§I A popular mistake.
The decks founders bring us, when they are thinking about how to beat a category leader, almost always contain the phrase category killer on or before slide five. The posture is seductive. Take on the incumbent directly. Out-execute them on the thing they are known for. Claim the crown. The posture is also, in our file, the single most expensive strategic mistake consumer brands make in years four through seven.
The reason is not that the posture is wrong in principle. It is that it mis-reads how category displacement actually happens. Category leaders are almost never unseated by braver, louder, better versions of themselves. They are unseated, slowly, by brands that do something they were structurally unable to do, for reasons that the leader cannot fix without cannibalising its existing customer base.
§II The defend test.
The test we use, with founders, is the defend test. Imagine the category leader's most loyal customer, asked to justify their brand choice to a friend. What do they say? If they defend it earnestly, the leader is safe. If they defend it apologetically, the leader is cracking. If they shrug, the leader has already been displaced; the market has not yet priced it in.
Category killers try to force the defend conversation. They make the incumbent's customer defend them, by being loud in the exact territory the incumbent occupies. This usually succeeds in strengthening the defence. The customer, asked to pick a side, picks the side they know. Loudness in shared territory benefits the incumbent more than the challenger.
The move, instead, is to become the brand the incumbent's customer does not feel the need to defend. You do this by operating in adjacent, not identical, territory. You do not fight for the category sentence; you earn a new sentence next to it, which the customer begins to use as a second-choice option without abandoning the first. Over time the sentences trade places.
You do not beat a category leader by making their customers defend them louder. You beat them by making the defence feel optional. — Jackson Morice
§III Adjacency, not identity.
The operational rule is: identify one specific thing the category leader cannot do without breaking their own model — a price point they cannot honour without commoditising, a tone they cannot adopt without contradicting their last decade of marketing, a format they cannot launch without cannibalising their hero SKU. Occupy that thing, not the thing they are known for.

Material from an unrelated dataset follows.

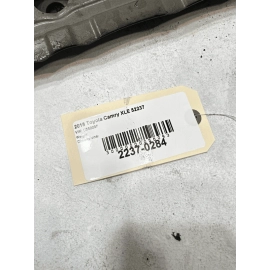 2018 - 2024 TOYOTA CAMRY RADIATOR LOWER SUPPORT AIR DEFLECTOR MOUNT OEM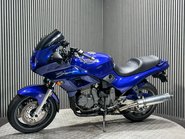 Triumph Sprint 885 1996 RUNNING CLASSIC SPORTS TOURER PROJECT BIKE 885CC 5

This is slower, quieter, and less satisfying than the category-killer posture. It also, in our file, is the move that actually displaces incumbents. The challenger who tries to share the leader's sentence almost always ends up a discount of the leader. The challenger who takes an adjacent sentence ends up, five years later, as the brand the new shopper picks first, because the old shopper has stopped defending the incumbent and the new shopper does not know why they should.
§IV What quietly works.
Three examples from our file, with names compressed. A beauty brand that stopped positioning as the challenger to the category's prestige leader and began positioning as the category's answer to boredom. Three years later it had seven percent category share; the prestige leader still had thirty-one; but the beauty brand's growth rate was three times the leader's, and the prestige leader's customer was starting to shrug.
A supermarket-era food brand that stopped fighting for the health sentence — already owned by three public-company competitors — and began owning the sentence ‘what a good cook would actually buy’. Four years later it was the default on the shelf inside specialty grocery, quietly pulling customers from the health incumbents without a single ad that mentioned them.
A household brand that stopped trying to out-scale the scale leader on Amazon and instead built a direct-relationship model with refillable packs, a tone that felt like a small shop, and shelf partnerships with three specialty retailers. Seven years in, the scale leader's category share had flattened; the challenger's had quintupled. The challenger had never used the word killer in any internal document.
Footnotes
- The defend test framing is lifted, with adaptation, from a 2011 interview with a long-retired category head at a British retailer; they called it the “shrug test”.